If you were knocked around back then, you cleared the cobwebs and went back to playing.

"I related concussions to boxers," he said. "I didn't put one and two together. You get KO'd on the football (field) like getting KO'd in the damn ring, it's a concussion. I didn't put that together because, again, no doctors from middle school through high school through college through the league called them concussions. They all called them dingers and stingers." 

He does have some advice for current Lions running back Jahvid Best.

"If he wants to play again, God bless him, but if he can come back and still be comprehensible and still be able to understand things and still live a real good life," Barney said. "I would tell him, if he's going to play, they've got to get some kind of special helmet for him because it's not going to take much longer if he keeps getting those dinger, stinger and bell-ringers as the boxers used to call them, or even the concussions, that he's going to be around here.

"I would tell him to maybe look at doing something else rather than coming back again after having those back-to-(back) concussions. It's a dangerous game. Like I said, I don't have anything against it, I just don't have anything for it now."

For fans that thought Barry Sanders quit on the Lions now you can see why. The man wanted to walk away with his health.

Jim Buss wants Kobe to be a Laker for life

While the Los Angeles Lakers made some deadline day moves to compete for another championship, Lakers exec,Jim Buss says he wants Kobe Bryant to be a Laker for life. That's a shocker. Who in the Lakers front office wouldn't want Kobe to remain with the team until he calls it quits?

The problem is placating Kobe and putting a competitive team around him. I guess Buss has it all figured out.

"I think about a lot of things to improve this team, to figure out how to manage the finances of it," said Lakers executive vice president of player personnel, Jim Buss, as a guest on the "Mason & Ireland Show" on 710 ESPN on Friday. "One thing I haven't thought of is Kobe being somewhere else. I don't know why that question has ever come up and I'd like to squish that one."

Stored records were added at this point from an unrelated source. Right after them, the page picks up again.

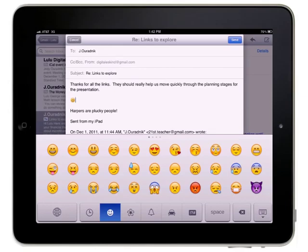So use these characters with caution if you think the recipient may not be opening it on a device that can properly interpret the character.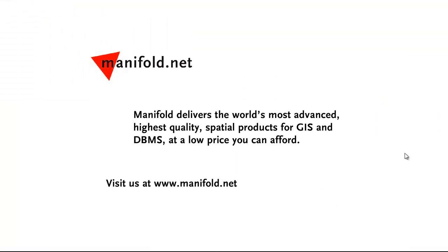Well, that was fun. If you want to see more, visit us at www.manifold.net. As always, Manifold delivers the world's most advanced, highest quality spatial products for GIS and DBMS at a low price that you can afford. Once again, that's www.manifold.net. See you soon.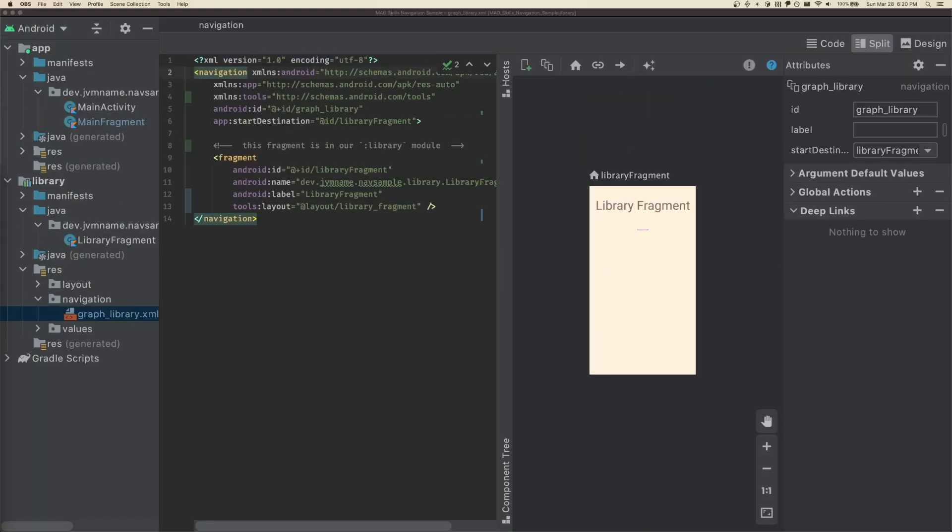We'll be making changes in two places, the starting module and the ending module. Let's make our first change at the end.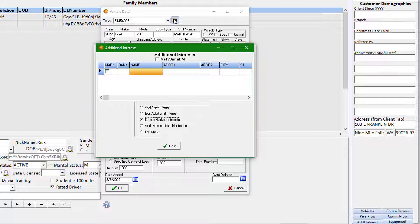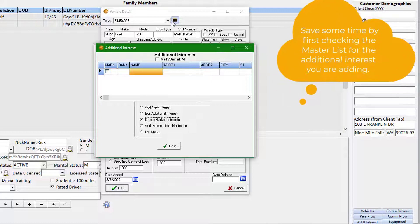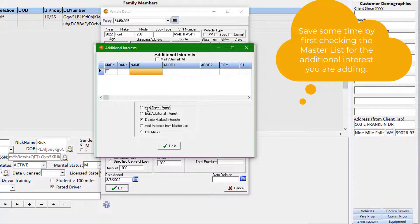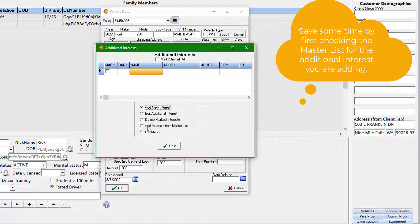On the additional interests window, you have the option to add, edit, and delete as is common in these schedule screens.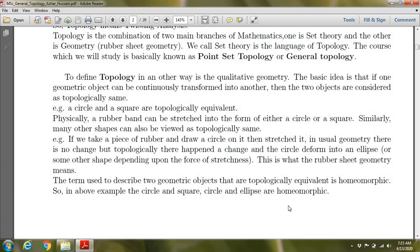Objects that can be transformed into each other in this way are called homeomorphic — just as the circle and ellipse we discussed are homeomorphic. I hope you understand what is going on in topology. The topology definition will be covered in the next lecture. Allah Hafiz.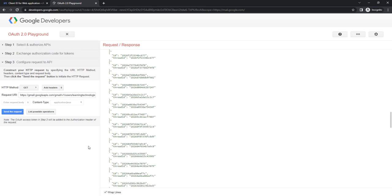As part of this session, we have seen how to get the authorization code and how to retrieve the access token as well as refresh token. Now, by using this authorization code and access token, we will try to connect from Power Automate Desktop to Gmail to retrieve emails. We will also see how to send emails by using Gmail API.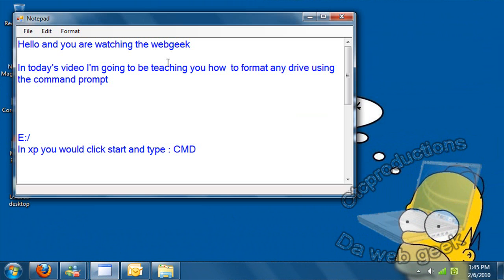Hello everybody and now you're watching another edition of the Web Geek. In this video I'm going to be teaching you guys how to format any type of drive with a flash drive. You can format your flash drive or a memory stick or anything using command prompt.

While it's hard to imagine Bryant in another uniform, it's had to say that Bryant will be able to compete at an elite level for the duration of his career. A caller on the show Buss appeared on went as far as saying that Bryant and the Lakers had a short window of opportunity to win a sixth championship. Buss thinks that Bryant has a lot left to give and won't sell him short.

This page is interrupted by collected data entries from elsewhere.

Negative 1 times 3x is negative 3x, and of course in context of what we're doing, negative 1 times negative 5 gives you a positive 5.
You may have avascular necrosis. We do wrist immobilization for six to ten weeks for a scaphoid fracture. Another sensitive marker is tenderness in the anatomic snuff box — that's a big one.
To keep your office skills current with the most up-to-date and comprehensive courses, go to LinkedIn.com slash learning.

"I might disagree with you that Kobe only has three or four years left, but we'll see," Buss said. "As you see, we make trades and our whole focus isn't to win a sixth (championship). I'm not sure I would stop there for Kobe; I would go to seven or eight if we can. ... I think Kobe is going to be a Laker for life and I'm pretty sure he's not going to hang them up after two years."    

The only way Kobe leaves Los Angeles is if the Lakers are in so much disrepair that he doesn't want to stick around for a rebuilding job. His competitive juices will keep him in the game for as long as he desires.